UC expands dining options




By Ben L. Kaufman
The Cincinnati Enquirer

        College grub is growing up. Mystery meat is vanishing.

        In its place at the University of Cincinnati's main campus are wraps and Caesar salads, Vietnamese and Thai cuisine and more familiar offerings, from steak to pizza.

        Not only is UC expanding food options, it is inviting restaurants to join its Bearcat debit card system.

        Marty Angiulli, owner of Martino's in Corryville, was one of the first to join the expanding Bearcat network. “It's still slow,” he said, “but I look for it to be great.”

        The changes are part of UC's effort to make living on campus more attractive. It is spending $151 million to update and build student housing to add almost 1,300 beds to the 3,324 in its dorms.

        All of this is to be self-supporting and potentially profitable even as UC encourages market-rate private housing on its fringes and eases student spending off-campus.

        These changes were the core of the housing and food master plan presented Tuesday at a press conference.

        If all goes well, associate vice president James Tucker said, housing will produce “a few million dollars surplus at the end of 15 years.”

        UC houses about 11 percent of its students, compared to about 35 percent at other Ohio campuses and a national average of 21 percent.

        UC also is promoting Corryville and Clifton Heights redevelopment to bring more students closer to campus and to improve the view when parents visit the school with prospective students.

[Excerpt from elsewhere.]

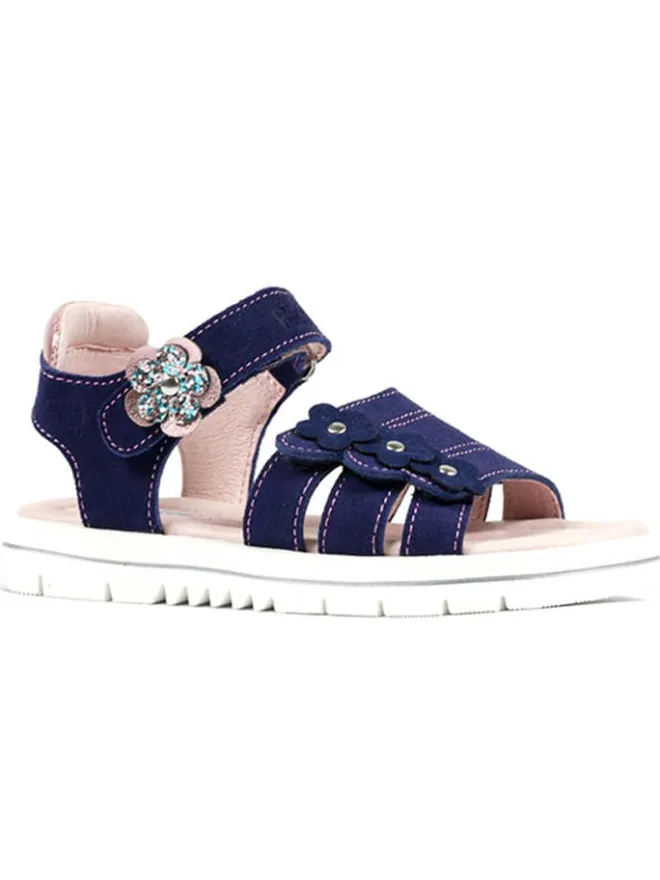 Richter Shoes Sandalen·Sandalen^Sandalen "Samba" in Dunkelblau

        An estimated 12,000 to 15,000 students live in the closest three ZIP codes. UC is hoping that 6,000 of them will live in and around new market-rate housing to be built with private money.

        However, many students live on campus, thousands more commute and could eat there, along with faculty and staff.

        Steven Sayers, assistant vice president, said campus food services are capturing 26 percent of that spending, low by national standards.